Select Committee on Home Affairs Minutes of Evidence


Examination of Witnesses (Questions 225 - 239)

TUESDAY 2 DECEMBER 2003

MR PHIL WHEATLEY, MR PETER WRENCH, MS EITHNE WALLIS AND MR BRIAN CATON

  Q225  Chairman: Good morning. Thank you very much indeed for attending this morning. Perhaps I could just ask each of you, for the record, to introduce yourselves and give your positions.

  Mr Wheatley: Phil Wheatley, Director General of the public sector Prison Service.

  Mr Wrench: Peter Wrench, Director of Resettlement in the Prison Service.

  Ms Wallis: Eithne Wallis, Director General of the National Probation Service for England and Wales.

  Mr Caton: Brian Caton, the General Secretary of the Prison Officers' Association in the United Kingdom.

  Q226  Chairman: Welcome this morning. Obviously with four witnesses we have to get a balance between getting through the questions and hearing all of your evidence. Obviously if there are particular differences in emphasis between you perhaps more than one of you could answer the question, otherwise if we could concentrate on one person answering the questions. I would like to start by asking about your assessment of how well the Prison Service is doing at the moment. You have a statutory obligation to ensure that "the purpose of the training and treatment of convicted prisoners shall be to encourage and assist them to lead a good and useful life". How well do you think the current Prison Service is reaching that aim at the moment?

  Mr Wheatley: I think the Prison Service is doing better than at any point in its past. I have a past with the Prison Service that goes back 34 years. We have got a broad coherent strategy. We are using programmes and interventions of various sorts that are better researched than ever before, and we are reaching more prisoners than we used to reach in terms of delivering real change, of any behaviour programmes, education and drug treatment; but we are still not touching everybody. I am not claiming this is perfection; I am saying it is a big improvement on the position we have been in previously. We are trying to direct our efforts on to those who are most needy, and those who are with us long enough to make reasonable interventions. There are obviously problems with quite a lot of our population in terms of doing things that make a real difference. In many cases they are only with us on remand and not even convicted—they spend a brief period with us on remand and then go out again; or they are doing relatively short sentences, or they are doing longer sentences but have spent a long time on remand, a period which counts towards their eventual sentence so the period with us, when convicted, is relatively short.

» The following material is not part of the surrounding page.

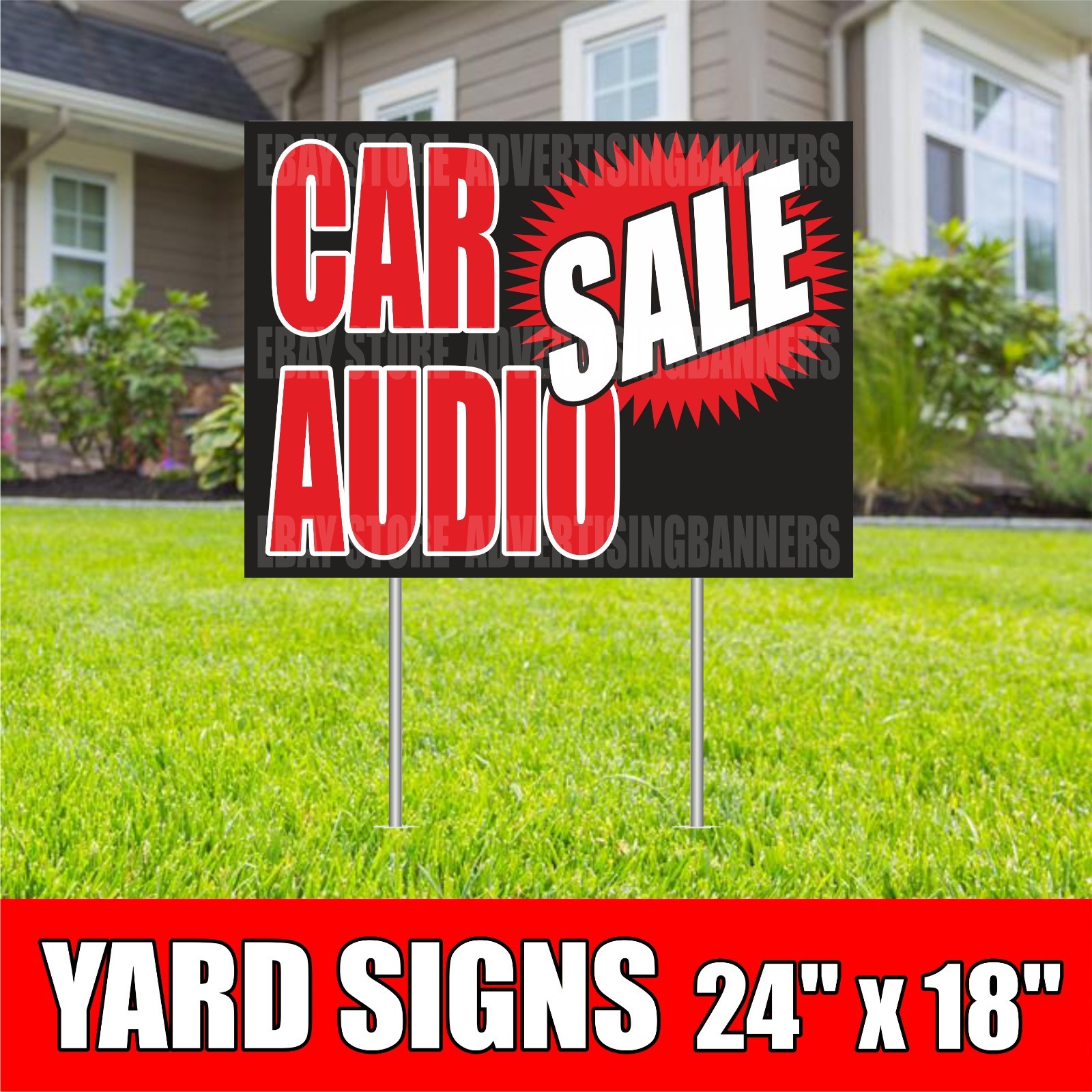 CAR AUDIO SALE Yard Sign with H-Stakes Stereo Speakers Service Auto Sound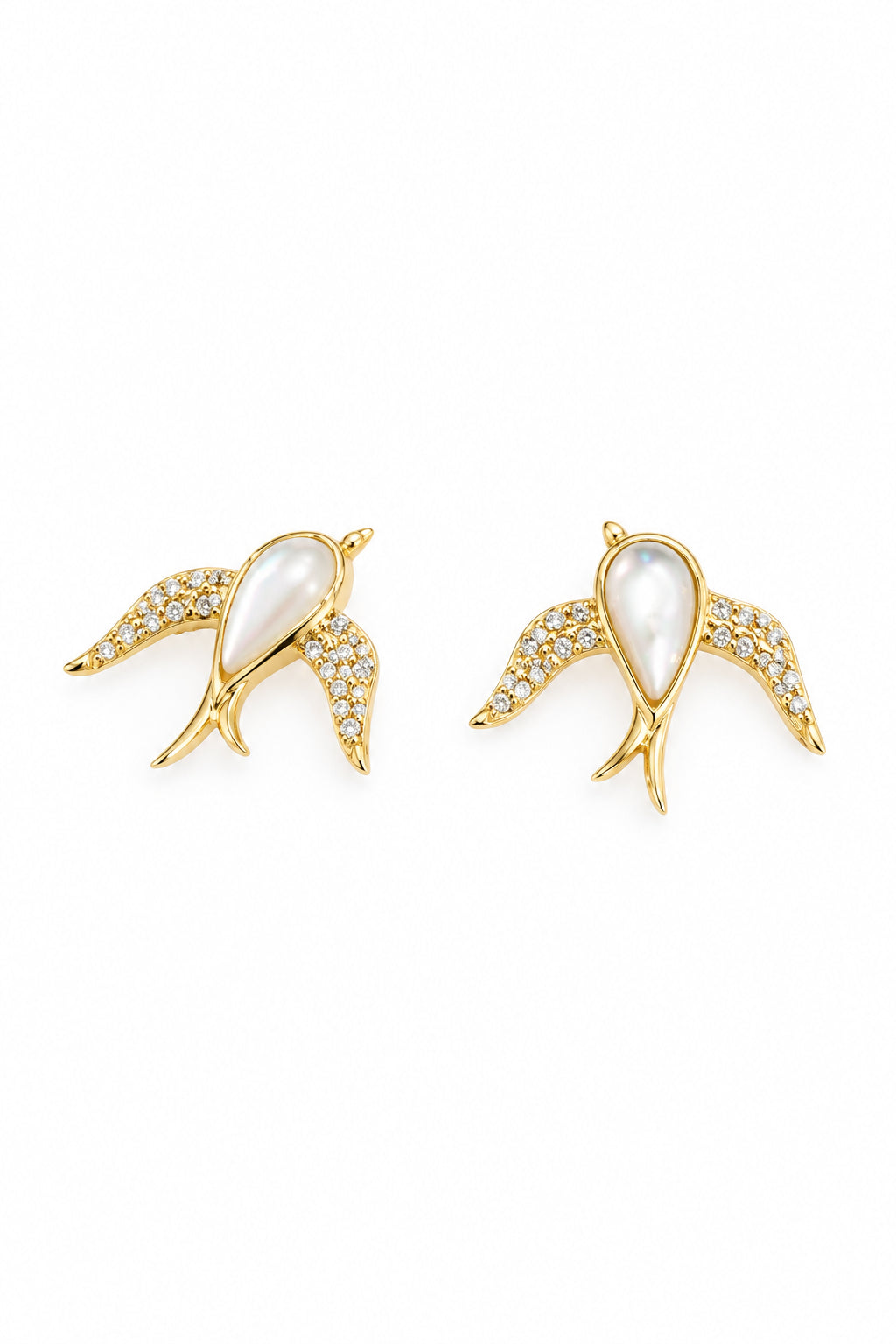 Gold Plated Sterling Silver Swallow Earrings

  Q227  Chairman: We will pick up a number of those points in questions. The measures you described are basically input measures and are things the Prison Service are trying to deliver to prisoners. In terms of the outcomes from the Prison Service, you saying you are doing better than ever before. How can you demonstrate that you are doing better than ever before?

  Mr Wheatley: We have a commitment to reducing re-offending by 5% as against what we would otherwise have expected. You obviously have to work out what the rate of re-offending is on the basis of who we are holding and what their pre-convictions are. The rate of re-offending is, to some extent, dictated by who we take in and what degree of risk they are. Early measures suggest that we are reducing the rate of re-offending. It is always difficult in this area to be certain that that is a result of prison intervention or work the Probation Service are doing outside, because it is a joint correctional service target in total, or whether there is some change in the pattern of crime outside which is making a difference. It is very difficult to measure but, insofar as we can measure it, it looks as though we are making a significant difference.

  Q228  Chairman: You say "early measures", can you give us some indication of that? You have a target to reduce re-offending by April 2004 but if you look, say, over the last three years 2000-03 can you demonstrate a reduction in re-offending over that period of time?

  Mr Wrench: The specific target is to get 5% lower by April 2004, against a 1997 baseline, and 5% again by April 2006. We are still at the indicative stage really of picking out trends, rather than being able to point to hard evidence.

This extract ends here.